OdeToCode IC Logo

BI and SQL Server 2005

Monday, November 29, 2004 by scott
Just to finish up the story I started a few days ago (and get the albatross off my neck, so to speak), here is how the exploration of SQL 2005 DTS and OLAP features turned out. The end result was a cube of all domestic commercial flights for January 2003 (about 560,000 records) with delay, cancellation, flight time, taxi time information and more.

There were a few disappointments, like the handful of unhandled exceptions that crashed the Business Intelligence Development Studio. I have a feeling some of the problems were related to the source control features of the beta, as most of the weirdness would occur after a checkout operation (I’m using SourceGear Vault at home – Vault is free for a single user). I’ve never had a problem with Vault, so I’m guessing all the problems are in the BIDS beta.

The most frustrating problem was getting the OLAP designer to pick up schema changes in the underlying fact table. I had to delete the cube, dimensions, and data source views and start over.

The good news is, 2005 not only fixes many of the frustrations in 2000, but adds a good many features.

It requires considerably less work to get a basic cube up and running thanks to the ability of the IDE to analyze relationships and figure out a base set of dimensions, levels, and measures. Perhaps 160 mouse clicks down to 6.

The brain dead cube browser in 2000 has been replaced with what appears to be a version of the pivot table in Office Web Components.

The GUI remains responsive during cube processing (although it does not appear to show the number of records processed).

Everything appears to save as XML, the project, the structures, the packages. The source control integration and deployment options appear that they will be CM and deployment friendly without hand rolling tools.

The performance of the import and of Analysis Services processing was very good considering this is all running on a Virtual PC with 512 MB of RAM.

It appears everything is looking pretty good, hopefully the documentation and features will shore up by beta 3. There are so many options and buttons it is hard to stay oriented at times. In one week there will be a flurry of SQL Server 2005 webcasts, unfortunately only 1 appears to be related to Analysis Services.

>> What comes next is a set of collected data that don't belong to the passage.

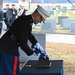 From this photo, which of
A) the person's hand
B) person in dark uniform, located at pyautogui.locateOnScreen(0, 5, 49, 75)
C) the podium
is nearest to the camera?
the podium

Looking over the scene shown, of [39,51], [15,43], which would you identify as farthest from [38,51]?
[15,43]

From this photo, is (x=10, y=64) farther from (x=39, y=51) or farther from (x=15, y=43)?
(x=39, y=51)

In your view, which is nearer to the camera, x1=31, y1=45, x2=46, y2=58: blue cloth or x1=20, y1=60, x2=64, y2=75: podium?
x1=20, y1=60, x2=64, y2=75: podium

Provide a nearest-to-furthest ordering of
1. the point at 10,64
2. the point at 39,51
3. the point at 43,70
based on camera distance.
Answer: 1. the point at 43,70
2. the point at 10,64
3. the point at 39,51

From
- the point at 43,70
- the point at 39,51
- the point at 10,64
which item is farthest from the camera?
the point at 39,51

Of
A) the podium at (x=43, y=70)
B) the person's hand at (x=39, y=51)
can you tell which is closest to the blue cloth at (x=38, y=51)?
the person's hand at (x=39, y=51)

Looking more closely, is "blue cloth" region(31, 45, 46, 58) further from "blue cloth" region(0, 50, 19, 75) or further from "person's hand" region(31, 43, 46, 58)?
"blue cloth" region(0, 50, 19, 75)

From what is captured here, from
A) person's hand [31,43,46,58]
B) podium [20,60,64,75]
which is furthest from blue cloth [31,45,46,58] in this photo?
podium [20,60,64,75]

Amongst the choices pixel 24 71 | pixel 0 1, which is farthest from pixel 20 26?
pixel 0 1

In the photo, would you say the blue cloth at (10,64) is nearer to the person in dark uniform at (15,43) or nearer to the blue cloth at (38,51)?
the person in dark uniform at (15,43)

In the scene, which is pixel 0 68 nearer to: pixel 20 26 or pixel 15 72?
pixel 15 72

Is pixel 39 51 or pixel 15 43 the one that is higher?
pixel 15 43

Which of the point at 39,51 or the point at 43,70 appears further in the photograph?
the point at 39,51

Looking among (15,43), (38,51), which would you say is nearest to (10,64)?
(15,43) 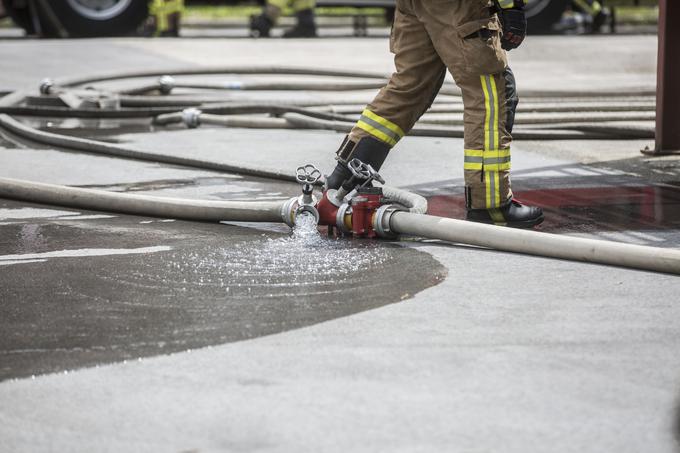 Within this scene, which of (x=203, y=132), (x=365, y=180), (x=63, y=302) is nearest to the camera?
(x=63, y=302)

Hopefully there will be more coming down the road.

OdeToCode Links For November 28

Monday, November 29, 2004 by otcnews

Give Me More Text

Saturday, November 27, 2004 by scott
To continue with my previous post (Give Me Text), I wanted to show a little UI from the SQL Server 2005 Business Intelligence Studio. There are obvious improvements in the feature set formerly known as Data Transformation Services. The toolbox is brimming with tasks and transformations you can drag and drop into the Data Flow designer. Stuff like “Pivot”, “Aggregate”, and “Fuzzy Grouper”.

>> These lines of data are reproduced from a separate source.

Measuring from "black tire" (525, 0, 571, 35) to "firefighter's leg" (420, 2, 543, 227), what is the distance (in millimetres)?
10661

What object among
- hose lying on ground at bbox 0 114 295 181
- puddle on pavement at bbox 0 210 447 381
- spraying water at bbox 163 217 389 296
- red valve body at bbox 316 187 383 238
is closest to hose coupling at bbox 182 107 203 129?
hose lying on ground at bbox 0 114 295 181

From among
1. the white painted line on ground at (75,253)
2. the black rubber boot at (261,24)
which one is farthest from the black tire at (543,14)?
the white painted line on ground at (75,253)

There are parts, however, that remind me why I still prefer programming with keyboards and text files to GUIs. GUIs do not scale. In order to perform multiple operations I need to perform multiple actions. Like the following dialog: 

The problem here is it took at least 34 mouse clicks to change the behavior of each column. from “Fail Component” to “Redirect Row” (to send erroneous records from a flat file to an error file instead of halting). UI designers do this to me all the time, and it’s the reason I get frustrated with them.

Text files scale because you can select one operation and have it applied to multiple locations. UIs do not do this too well – they make you click, click, clickety drag click. It’s why I try to avoid the DTS designer in 2000. The OLAP designer in 2000 is even worse.

The good news in 2005 is that there really is a text file underneath, and perhaps with some more documentation on the XML format these tasks might become easier.

It might also be interesting to see what UI accessibility improvements come along with Avalon and Longhorn. Perhaps they can provide some sort of meta layer where I can group similar controls easily and modify them with one action.

Even better would be if I could speak to the computer and ask it to “change all error drop down selections to redirect rows”. The magical accessibility layer can find drop down controls under the Error column and set everything without me moving a mouse.

That would be cool, but I’m still not giving up my text files.

Give Me Text

Saturday, November 27, 2004 by scott
Every now and then someone will talk about the sad fact that we still use text files and text editors to build software. I used to think about this when I was in the DTS or OLAP cube designers of SQL Server 2000. I’d think about how writing software with a GUI wasn’t all it was cracked up to be. UI designers can be tedious, and in the Microsoft world they usually save data in opaque blobs.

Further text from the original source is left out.